FREETOWN: NEW PEOPLE CORRESPONDENT: Reports from Port Loko Teachers College speak of festering grievances about the failure of the ruling All Peoples Congress (APC government) to honor its commitment to supporting quality tertiary education, and continuing to provide rudimentary facilities for the students enrolled in that institution and in the town. Reflecting on the laudable steps that the former SLPP government undertook in restoring healthcare and potable water supplies in the town after the brutal destruction of facilities by AFRC-RUF rebels (some of whom are now bodyguard to President Ernest Bai Koroma), residents of the town and the students in particular are now expressing discontent.

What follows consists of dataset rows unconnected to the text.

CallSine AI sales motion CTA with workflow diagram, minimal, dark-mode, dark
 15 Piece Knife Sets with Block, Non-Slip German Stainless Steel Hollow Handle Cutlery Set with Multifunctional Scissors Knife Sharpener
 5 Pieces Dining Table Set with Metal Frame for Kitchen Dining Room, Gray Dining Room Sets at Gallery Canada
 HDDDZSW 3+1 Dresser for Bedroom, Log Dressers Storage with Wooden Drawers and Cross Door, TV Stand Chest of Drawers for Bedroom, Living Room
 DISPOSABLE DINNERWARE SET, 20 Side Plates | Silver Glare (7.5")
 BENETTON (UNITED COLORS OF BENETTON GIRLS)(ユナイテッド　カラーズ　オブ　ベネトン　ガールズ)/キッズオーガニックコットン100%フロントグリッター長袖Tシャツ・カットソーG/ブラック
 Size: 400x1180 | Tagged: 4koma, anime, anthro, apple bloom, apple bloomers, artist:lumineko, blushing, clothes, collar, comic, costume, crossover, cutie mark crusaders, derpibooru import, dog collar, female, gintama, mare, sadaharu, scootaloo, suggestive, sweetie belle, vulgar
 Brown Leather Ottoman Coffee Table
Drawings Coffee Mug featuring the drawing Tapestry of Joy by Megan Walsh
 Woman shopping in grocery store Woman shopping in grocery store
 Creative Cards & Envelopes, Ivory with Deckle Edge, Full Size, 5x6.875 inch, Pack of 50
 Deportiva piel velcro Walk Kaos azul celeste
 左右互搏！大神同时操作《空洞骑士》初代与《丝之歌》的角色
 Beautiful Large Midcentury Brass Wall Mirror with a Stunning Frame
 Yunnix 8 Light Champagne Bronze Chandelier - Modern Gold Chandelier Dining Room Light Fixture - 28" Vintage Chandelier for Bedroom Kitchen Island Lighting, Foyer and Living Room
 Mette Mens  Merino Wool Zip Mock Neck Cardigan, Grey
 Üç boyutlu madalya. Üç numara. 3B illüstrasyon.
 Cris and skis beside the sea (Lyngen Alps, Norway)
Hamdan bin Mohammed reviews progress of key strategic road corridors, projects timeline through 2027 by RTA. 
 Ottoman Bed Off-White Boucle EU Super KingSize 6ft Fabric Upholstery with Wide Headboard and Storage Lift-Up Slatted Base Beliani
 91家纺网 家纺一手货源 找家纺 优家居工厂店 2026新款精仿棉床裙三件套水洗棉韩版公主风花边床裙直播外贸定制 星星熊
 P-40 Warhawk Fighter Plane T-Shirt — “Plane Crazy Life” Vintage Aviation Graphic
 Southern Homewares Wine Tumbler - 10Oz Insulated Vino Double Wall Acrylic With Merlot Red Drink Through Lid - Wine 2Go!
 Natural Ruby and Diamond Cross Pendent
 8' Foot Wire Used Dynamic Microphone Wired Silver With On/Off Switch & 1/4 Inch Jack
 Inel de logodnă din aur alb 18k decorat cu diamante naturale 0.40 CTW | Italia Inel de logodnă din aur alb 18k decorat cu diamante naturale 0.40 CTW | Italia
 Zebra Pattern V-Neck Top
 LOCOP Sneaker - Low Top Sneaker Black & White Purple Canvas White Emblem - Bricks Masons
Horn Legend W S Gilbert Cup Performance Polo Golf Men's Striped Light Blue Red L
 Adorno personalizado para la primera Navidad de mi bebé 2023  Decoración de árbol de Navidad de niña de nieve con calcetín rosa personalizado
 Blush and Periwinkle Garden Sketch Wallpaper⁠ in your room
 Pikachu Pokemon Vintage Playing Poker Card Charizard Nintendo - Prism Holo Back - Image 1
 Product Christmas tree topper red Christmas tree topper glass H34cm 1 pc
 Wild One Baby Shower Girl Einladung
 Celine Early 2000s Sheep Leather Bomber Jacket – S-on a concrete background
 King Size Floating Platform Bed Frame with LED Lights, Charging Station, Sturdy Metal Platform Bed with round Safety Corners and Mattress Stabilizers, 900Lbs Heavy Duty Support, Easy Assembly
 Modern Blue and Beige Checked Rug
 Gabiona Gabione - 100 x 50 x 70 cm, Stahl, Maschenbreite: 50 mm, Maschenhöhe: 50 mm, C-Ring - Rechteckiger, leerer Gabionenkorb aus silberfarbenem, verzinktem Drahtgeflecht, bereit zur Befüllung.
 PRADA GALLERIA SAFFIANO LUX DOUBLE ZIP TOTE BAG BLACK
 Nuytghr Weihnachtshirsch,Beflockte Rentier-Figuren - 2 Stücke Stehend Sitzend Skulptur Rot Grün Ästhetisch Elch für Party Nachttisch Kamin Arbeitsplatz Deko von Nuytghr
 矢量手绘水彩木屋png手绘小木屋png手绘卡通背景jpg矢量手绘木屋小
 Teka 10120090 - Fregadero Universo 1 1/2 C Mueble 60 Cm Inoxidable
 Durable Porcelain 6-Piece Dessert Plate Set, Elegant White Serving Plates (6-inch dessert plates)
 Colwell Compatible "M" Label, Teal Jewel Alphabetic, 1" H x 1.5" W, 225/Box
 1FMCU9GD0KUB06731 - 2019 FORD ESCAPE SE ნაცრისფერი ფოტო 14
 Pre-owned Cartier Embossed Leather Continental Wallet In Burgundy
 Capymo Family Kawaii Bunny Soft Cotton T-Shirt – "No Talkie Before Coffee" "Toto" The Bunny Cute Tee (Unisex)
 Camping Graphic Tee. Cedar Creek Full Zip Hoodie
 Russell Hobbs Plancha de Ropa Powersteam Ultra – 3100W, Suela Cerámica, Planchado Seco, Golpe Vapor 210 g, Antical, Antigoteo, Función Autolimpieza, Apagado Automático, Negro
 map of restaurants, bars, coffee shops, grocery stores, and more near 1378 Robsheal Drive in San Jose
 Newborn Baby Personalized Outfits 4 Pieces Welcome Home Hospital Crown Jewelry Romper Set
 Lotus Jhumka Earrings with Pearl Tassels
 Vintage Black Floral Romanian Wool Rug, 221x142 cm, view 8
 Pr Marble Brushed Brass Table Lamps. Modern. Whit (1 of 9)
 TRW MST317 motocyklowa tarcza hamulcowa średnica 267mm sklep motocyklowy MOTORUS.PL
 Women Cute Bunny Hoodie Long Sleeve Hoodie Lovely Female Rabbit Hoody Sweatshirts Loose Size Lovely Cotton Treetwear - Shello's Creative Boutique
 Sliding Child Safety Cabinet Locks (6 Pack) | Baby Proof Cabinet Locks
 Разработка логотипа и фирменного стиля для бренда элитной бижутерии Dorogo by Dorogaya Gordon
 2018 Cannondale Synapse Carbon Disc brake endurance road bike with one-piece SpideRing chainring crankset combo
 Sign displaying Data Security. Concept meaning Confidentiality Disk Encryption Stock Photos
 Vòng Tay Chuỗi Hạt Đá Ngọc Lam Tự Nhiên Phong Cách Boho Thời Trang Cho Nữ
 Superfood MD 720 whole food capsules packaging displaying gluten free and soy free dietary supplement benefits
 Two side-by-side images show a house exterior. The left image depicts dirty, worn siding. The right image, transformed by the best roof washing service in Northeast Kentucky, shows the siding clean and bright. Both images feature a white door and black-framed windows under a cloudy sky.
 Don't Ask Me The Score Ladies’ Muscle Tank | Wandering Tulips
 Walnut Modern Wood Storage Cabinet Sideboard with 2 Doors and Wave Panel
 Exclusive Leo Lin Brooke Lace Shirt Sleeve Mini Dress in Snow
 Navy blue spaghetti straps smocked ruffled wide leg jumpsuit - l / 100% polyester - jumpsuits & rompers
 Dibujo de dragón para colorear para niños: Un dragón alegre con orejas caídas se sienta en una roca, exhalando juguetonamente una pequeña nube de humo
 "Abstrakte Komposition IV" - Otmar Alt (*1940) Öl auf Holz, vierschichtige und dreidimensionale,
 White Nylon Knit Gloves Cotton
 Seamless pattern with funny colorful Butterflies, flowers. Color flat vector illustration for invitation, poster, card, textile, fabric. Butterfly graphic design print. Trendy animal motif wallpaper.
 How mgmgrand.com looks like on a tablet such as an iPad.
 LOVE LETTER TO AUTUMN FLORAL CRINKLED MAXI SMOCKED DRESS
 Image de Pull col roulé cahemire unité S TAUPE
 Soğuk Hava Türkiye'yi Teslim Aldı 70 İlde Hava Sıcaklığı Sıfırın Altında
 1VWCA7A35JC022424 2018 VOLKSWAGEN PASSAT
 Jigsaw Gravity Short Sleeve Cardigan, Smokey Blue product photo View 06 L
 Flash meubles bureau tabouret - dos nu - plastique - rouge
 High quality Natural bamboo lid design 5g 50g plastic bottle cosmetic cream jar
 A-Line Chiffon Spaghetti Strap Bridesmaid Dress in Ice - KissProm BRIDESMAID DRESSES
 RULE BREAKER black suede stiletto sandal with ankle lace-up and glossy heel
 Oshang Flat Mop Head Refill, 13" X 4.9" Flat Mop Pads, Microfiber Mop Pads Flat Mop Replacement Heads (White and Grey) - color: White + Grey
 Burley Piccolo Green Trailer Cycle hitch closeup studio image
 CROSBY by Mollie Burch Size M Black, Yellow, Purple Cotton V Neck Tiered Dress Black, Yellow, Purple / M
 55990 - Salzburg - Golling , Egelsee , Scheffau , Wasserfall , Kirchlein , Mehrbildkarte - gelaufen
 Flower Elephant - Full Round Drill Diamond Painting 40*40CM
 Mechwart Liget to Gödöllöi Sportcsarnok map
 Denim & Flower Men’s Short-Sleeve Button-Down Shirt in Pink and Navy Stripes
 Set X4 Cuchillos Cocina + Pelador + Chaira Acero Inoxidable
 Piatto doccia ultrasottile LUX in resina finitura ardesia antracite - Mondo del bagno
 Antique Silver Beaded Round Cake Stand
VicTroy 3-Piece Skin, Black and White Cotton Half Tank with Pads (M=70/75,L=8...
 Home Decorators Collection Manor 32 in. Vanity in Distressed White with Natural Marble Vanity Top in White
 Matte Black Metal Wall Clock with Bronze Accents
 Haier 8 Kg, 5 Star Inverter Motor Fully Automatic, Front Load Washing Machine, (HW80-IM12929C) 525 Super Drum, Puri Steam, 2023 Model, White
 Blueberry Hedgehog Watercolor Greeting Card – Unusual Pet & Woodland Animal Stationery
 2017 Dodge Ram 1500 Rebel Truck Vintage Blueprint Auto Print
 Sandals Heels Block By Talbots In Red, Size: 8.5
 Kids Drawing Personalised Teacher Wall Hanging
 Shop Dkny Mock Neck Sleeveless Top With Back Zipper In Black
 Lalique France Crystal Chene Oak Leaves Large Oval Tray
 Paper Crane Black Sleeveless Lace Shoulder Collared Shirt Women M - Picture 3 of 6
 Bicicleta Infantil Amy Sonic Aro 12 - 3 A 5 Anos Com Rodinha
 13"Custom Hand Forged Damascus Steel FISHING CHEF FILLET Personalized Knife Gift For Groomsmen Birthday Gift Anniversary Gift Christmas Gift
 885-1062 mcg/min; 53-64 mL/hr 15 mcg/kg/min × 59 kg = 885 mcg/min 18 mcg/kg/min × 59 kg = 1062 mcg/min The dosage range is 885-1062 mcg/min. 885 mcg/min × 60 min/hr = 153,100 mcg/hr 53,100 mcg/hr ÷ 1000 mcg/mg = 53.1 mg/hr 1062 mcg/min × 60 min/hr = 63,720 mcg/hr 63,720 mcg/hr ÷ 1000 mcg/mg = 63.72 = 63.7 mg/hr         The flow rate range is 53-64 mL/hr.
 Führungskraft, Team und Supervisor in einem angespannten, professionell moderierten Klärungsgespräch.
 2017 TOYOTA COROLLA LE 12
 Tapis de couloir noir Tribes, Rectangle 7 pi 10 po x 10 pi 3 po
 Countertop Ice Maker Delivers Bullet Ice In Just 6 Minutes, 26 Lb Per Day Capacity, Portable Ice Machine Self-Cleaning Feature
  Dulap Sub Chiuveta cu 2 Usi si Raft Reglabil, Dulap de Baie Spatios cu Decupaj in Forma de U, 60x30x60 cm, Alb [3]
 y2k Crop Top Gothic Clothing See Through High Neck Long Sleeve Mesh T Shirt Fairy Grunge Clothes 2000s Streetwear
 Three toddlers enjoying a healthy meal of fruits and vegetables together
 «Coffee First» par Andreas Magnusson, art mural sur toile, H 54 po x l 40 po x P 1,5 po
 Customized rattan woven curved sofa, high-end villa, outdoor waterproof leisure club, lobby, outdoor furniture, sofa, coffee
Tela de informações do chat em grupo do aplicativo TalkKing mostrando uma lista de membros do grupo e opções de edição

The situation has reached such a significant point that the APC government dispatched its deputy minister of education, Mr. Algassimu Jarr, to both witness the college's inter-hall sports and also try and placate the irate students. Some students were openly dismissive of his presence saying that they had heard way too many people talk about the problem and do nothing. Anotehr student said that doing the usual cosmetic noises that announcing that the college is a polytechnic, yet doing nothing about the harsh conditions on campus is like painting a toilet with white wash when the toilet stinks as much. Another student said that they supported the APC en masse because they believed that the APC would deliver real change, but the problems they are now encountering are problems they did not encounter under the SLPP. She said that the APC's problem is that they talk too much about everything, but do vey little.

Students and faculty members have succumbed to water borne diseases as they have been fprced to drink contaminated water from streams and unsanitary wells. There has also been a fire incident as a result of students using candles to light up their rooms. The students union president, Dauda Bangura, speaking to The New People emphasised that the environment is not condusive for serious studies and scholarship and that the govenment needs to prioritise the affairs of students at a college that voted overwhelmingly for the current APC government. He stated that he could not understand why the government would award billions of dollars to provide electricity for parts of Freetown, yet ignore the electricity needs of one of the few institutions of higher learning in the northern province. "This is how governments lose support," he surmised.

He says that he intends to engage the Education minsitry ina dialogue about current problems and issues and strssed that the college administration was also fully supportive of his studets union government's resolve to see that the electricity and water situation especially as addressed as a matter of urgency.